§ **Problem to work on**:
Your answer must be the full listing, word for word, with no images in it.

━━ Supplied data

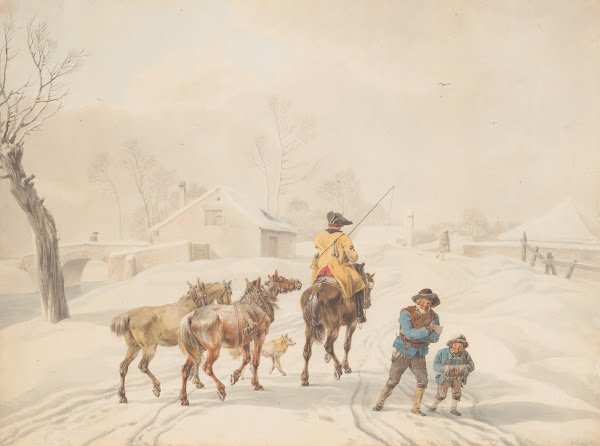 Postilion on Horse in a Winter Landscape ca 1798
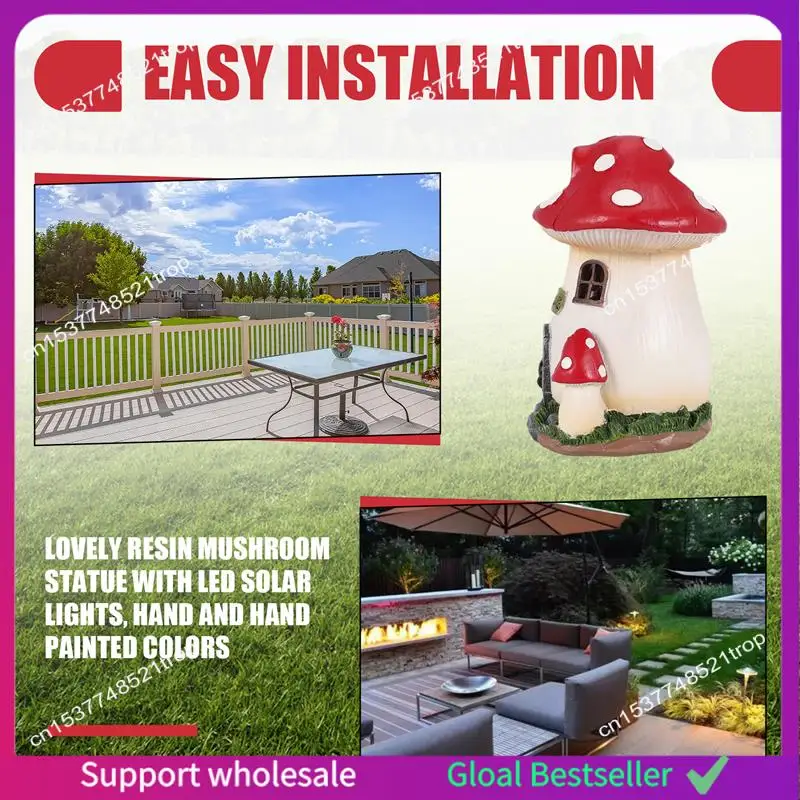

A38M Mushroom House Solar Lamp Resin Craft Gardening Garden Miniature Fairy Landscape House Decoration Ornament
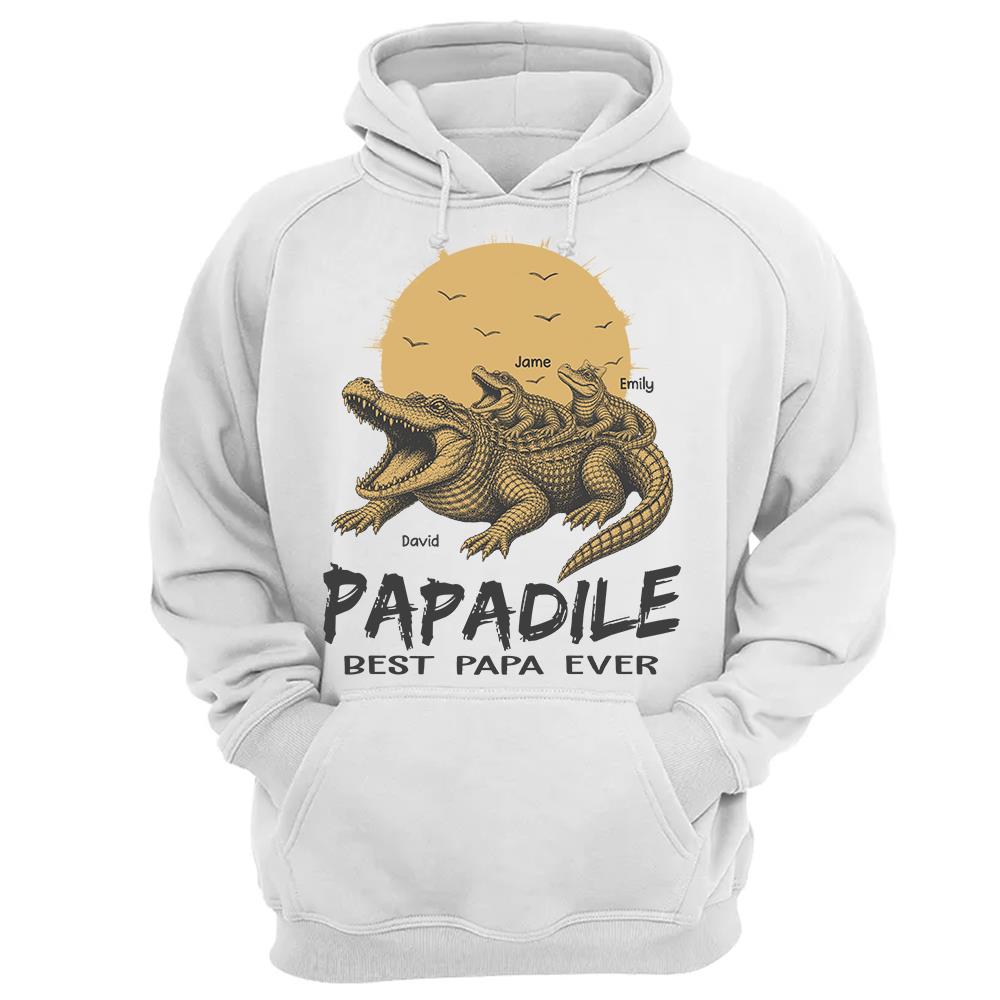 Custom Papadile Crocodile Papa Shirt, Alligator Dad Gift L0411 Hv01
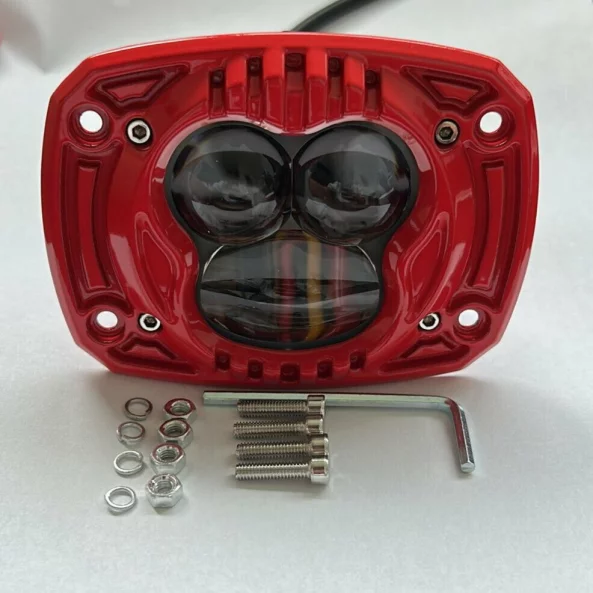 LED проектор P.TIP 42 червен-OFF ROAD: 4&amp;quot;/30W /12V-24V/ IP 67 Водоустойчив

━━━━

§ **Reply to the task**:
 Postilion on Horse in a Winter Landscape ca 1798

A38M Mushroom House Solar Lamp Resin Craft Gardening Garden Miniature Fairy Landscape House Decoration Ornament
 Custom Papadile Crocodile Papa Shirt, Alligator Dad Gift L0411 Hv01
 LED проектор P.TIP 42 червен-OFF ROAD: 4&amp;quot;/30W /12V-24V/ IP 67 Водоустойчив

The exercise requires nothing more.